■ Data section:

───

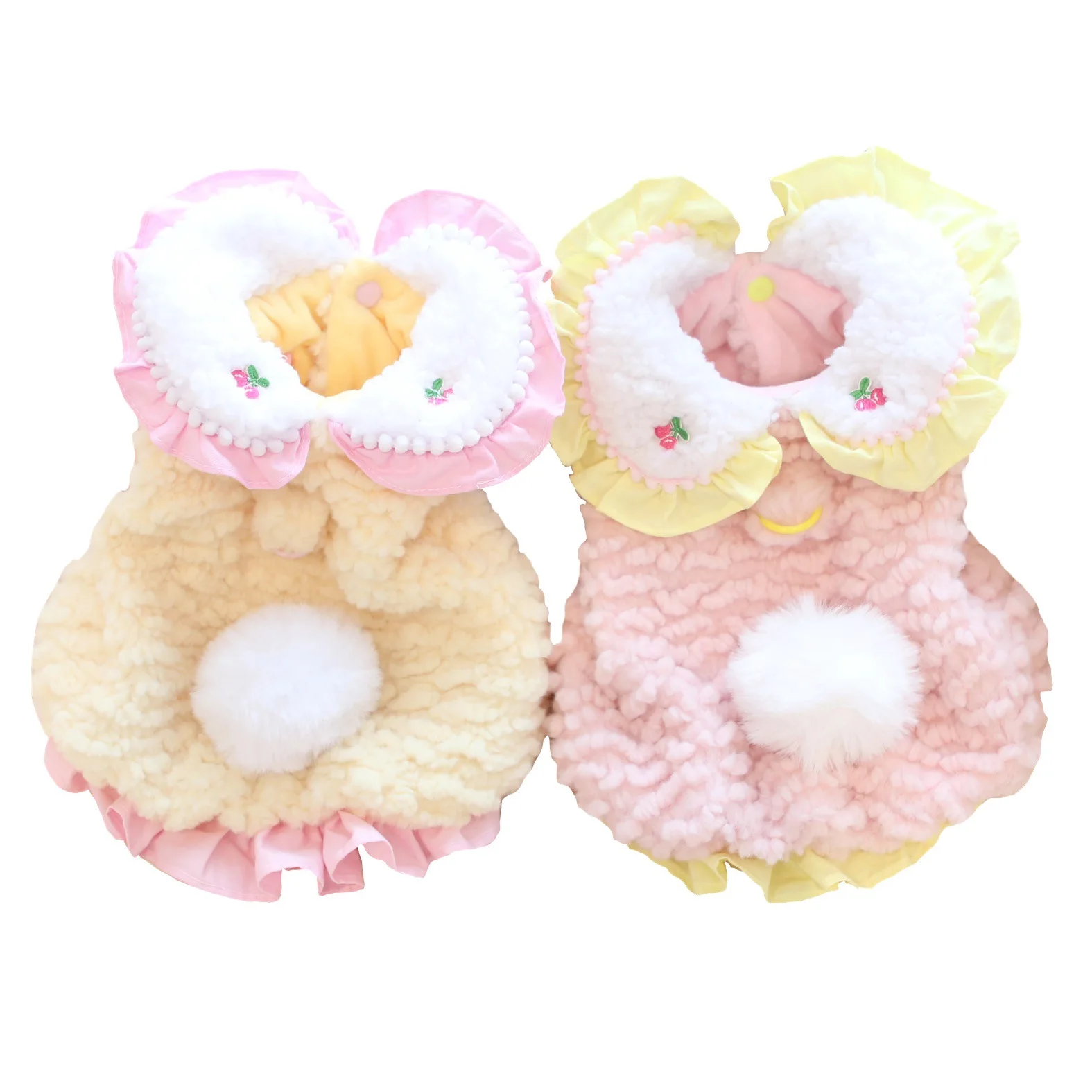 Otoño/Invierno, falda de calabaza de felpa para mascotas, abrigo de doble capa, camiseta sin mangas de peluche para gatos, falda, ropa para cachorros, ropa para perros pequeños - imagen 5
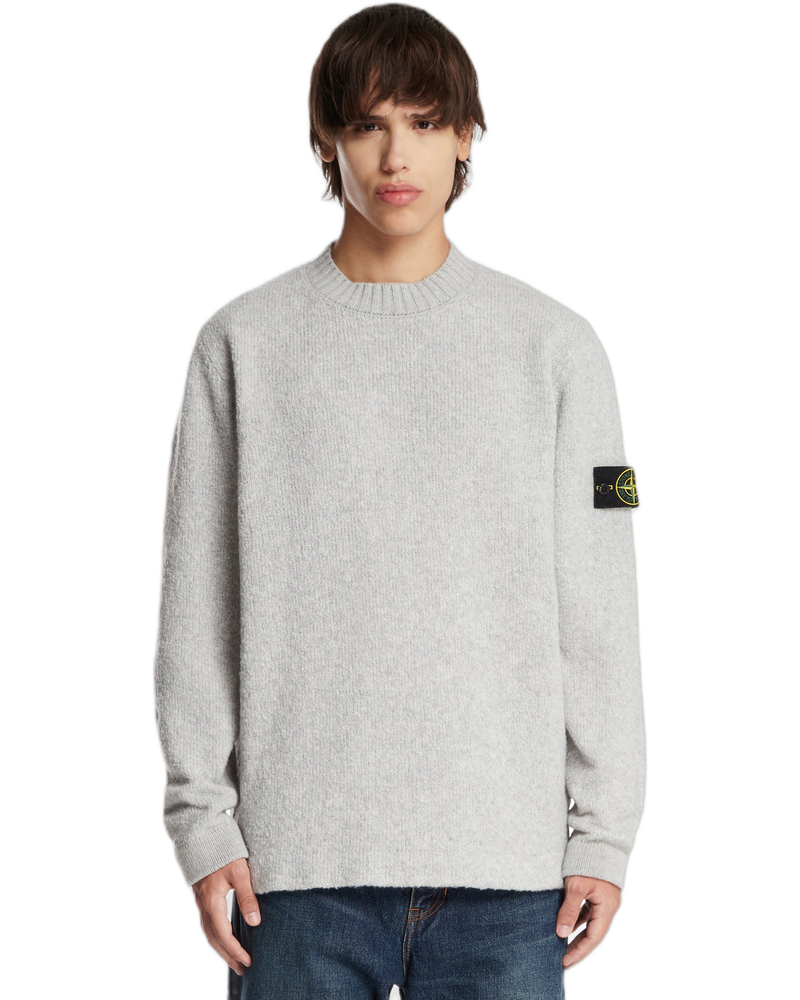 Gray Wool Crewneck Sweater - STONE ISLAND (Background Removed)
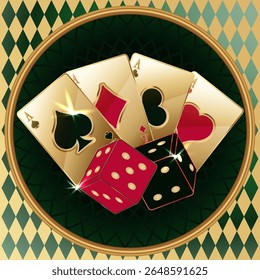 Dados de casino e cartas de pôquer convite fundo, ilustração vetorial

───

■ Aim of the task: When you write out the data, keep every line exact and drop the pictures.

■ Output:
 Otoño/Invierno, falda de calabaza de felpa para mascotas, abrigo de doble capa, camiseta sin mangas de peluche para gatos, falda, ropa para cachorros, ropa para perros pequeños - imagen 5
 Gray Wool Crewneck Sweater - STONE ISLAND (Background Removed)
 Dados de casino e cartas de pôquer convite fundo, ilustração vetorial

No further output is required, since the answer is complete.